Tuesday, June 9, 2009

The truth...the Whole truth...and NOTHING BUT THE TRUTH???

I recently attended a rehearsal dinner where the guests were encouraged to share tidbits of advice for the bride and groom. When it came around to me, I offered the standard words of wisdom...

1) No matter how heated the argument, don't throw bowls of applesauce at your husband (even if they are plastic bowls). By the way, tossing ice water on him is also inadvisable.

2) When you get angry, never, never tell your husband that you are taking the kids to your mom's house because after you pack the suitcases, you know that you will just drive around the block and then the kids will be mad at you when they don't get to go to Grandma's house.

3) If you tend to bang things around when you get upset, register for the cheapest, thinnest Teflon ware you can find. The heavy stainless steel pots will leave dents on counter tops.

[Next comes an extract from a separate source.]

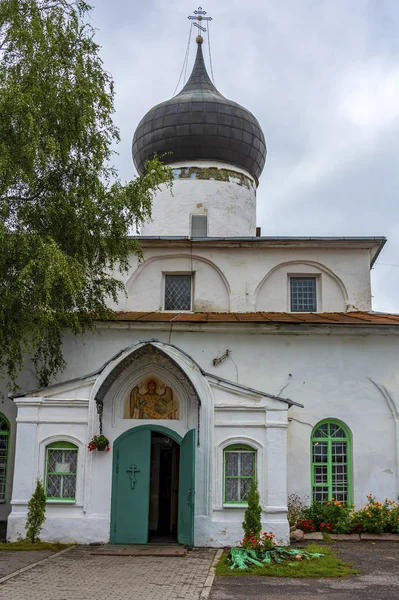 Pskov, eski Ortodoks Kilisesi Başmelek Michael 'ın "b" ile. — Stok fotoğraf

Good heavens! Of course I didn't say all those things...Whoever heard of such nonsense? As if anything like that would ever happen within the bonds of Holy Matrimony? Ignore me completely. I'm simply delusional...I'll just go and take my little white pill RIGHT NOW!

Back to what I was saying ~ By far, the most popular admonition for the bride and groom was that they "Be completely honest with each other." Well-meaning guests said, "Lay things out on the table." "Don't hold back." "Tell each other whatever you're thinking." Of course, like a little bobble head, I smiled and nodded approvingly, "Yes, yes, of course this is so important. Honesty in marriage is so important."

Hours later, I got to thinking about this and realized I Totally Disagree! In fact, this may be one of the WORST pieces of advice anyone could ever give an about-to-be-married couple (well, the
tidbit about the thin Teflon pans would probably be a close second). My marriage is strong today because of all the things my husband HASN'T told me! Yep! You heard that right. My husband is not completely honest with me, and it is GOOD for our marriage.

In 10 years of marriage, my husband has rarely expressed anger towards me. He has NEVER sat me down to discuss something "You should be doing differently." He once said that he does not typically point out weaknesses "because most people already know what they are doing wrong." In case you're wondering, my husband isn't perfect. Trust me, I know all too well the perils of sitting on a toilet in the dark of the night! Can anyone say, "Splash???" But, imperfections aside, my husband knows the power of keeping his mouth shut and his heart open.

There was one piece of advice offered at the dinner that was simply priceless. My mother confessed that after 25 years of pointing out my father's flaws, she discovered the folly of her own brand of "honesty." Quoting her favorite marriage verse, my mother admonished the bride and groom to always look for the best in each other. Proverbs 14:1 says, "The wise woman builds her house, but the foolish one tears it down with her own hands." And that, folks, is the truth, the Whole Truth, and NOTHING BUT THE TRUTH!

1 comment:

  1. God has blessed us so completely with parents who though not being perfect love Jesus as best they know how and seek to love each other more as the years go by! How grateful I am to the Lord for this blessing! I become even more grateful as I see the wreckage of so many other families and marriages in our world today! May God's hand of protection continue to be upon our family and our marriages!